PRASCORSANO. Si coopera con la Regione Piemonte sul traliccio che dovrebbe essere installato vicino alla Chiesa della Madonna del Carmine. Piero Rolando Perino, sindaco di Prascorsano, non lo vuole, e sta cercando in tutti i modi di trovare una quadra parlando coi funzionari regionali.. Già da diverso tempo è nota l'opposizione della Giunta Perino al traliccio che una compagnia telefonica vuole installare vicino alla Chiesa della Madonna del Carmine. Quest'ultima è un bene riconosciuto a livello nazionale per storia e per importanza culturale. Il sindaco ci tiene che nulla la deturpi esteticamente."C’è già un traliccio per radiocomunicazioni alto ventiquattro metri e installato nei primi anni duemila - chiarisce il primo cittadino-. Ora una nuova compagnia vuole montare un nuovo traliccio più in alto e che sarebbe invece di trentacinque metri. Così, mentre il primo era nascosto dalla flora boschiva, questo sarebbe completamente scoperto, anche per via dell'altezza".Paesaggisticamente sarebbe terribile: "È un’opera impattante esteticamente, e la Regione Piemonte lo sa. Ad autorizzare l’impianto saranno proprio i funzionari regionali ed è con loro che vogliamo fare un percorso. Fornire questo servizio è importante, non ci opponiamo alla tecnologia, ma bisogna farlo con le giuste modalità. Dalla Regione si sono dimostrati tutti collaborativi, hanno capito il punto. Vogliamo solo fare in modo che eventuali nuove installazioni siano condivise e non creino degli ecomostri che danneggiano i territori".

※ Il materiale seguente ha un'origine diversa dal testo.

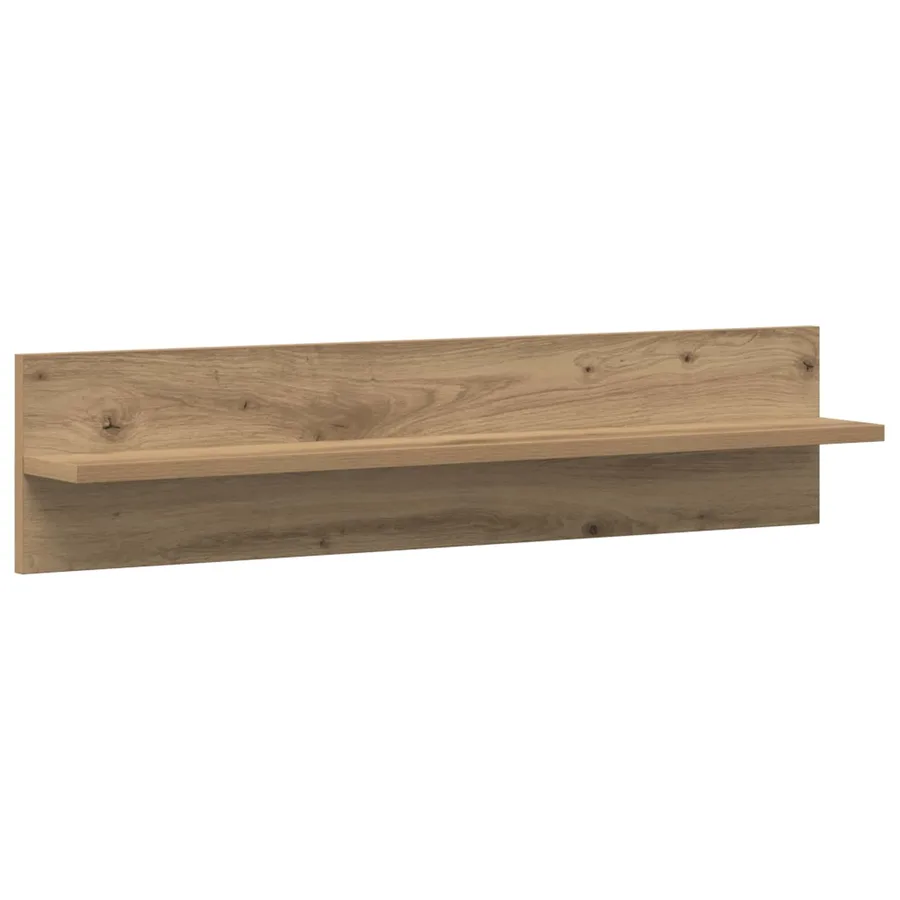 Ensemble de meuble TV mural 5 pcs Chêne artisanal - 7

Dunque il problema, per ora, non si pone dal punto di vista dell'impatto delle onde elettromagnetiche. Su questo il Comune e la Regione non hanno ancora i dati. In questo momento la questione è paesaggistica, e per un piccolo comune che vuole preservare i propri beni culturali questo è un affare terribilmente serio.
Le parole di Perino, peraltro, somigliano a quelle con cui il consiglio comunale di Rivarolo si è opposto recentemente alla costruzione del parco fotovoltaico di Argentera: lì, come a Prascorsano, si lamentava la mancanza di condivisione delle strutture amministrative di grado più alto (Città Metropolitana, Regione) coi piccoli comuni periferici in merito alla realizzazione di grandi opere impattanti.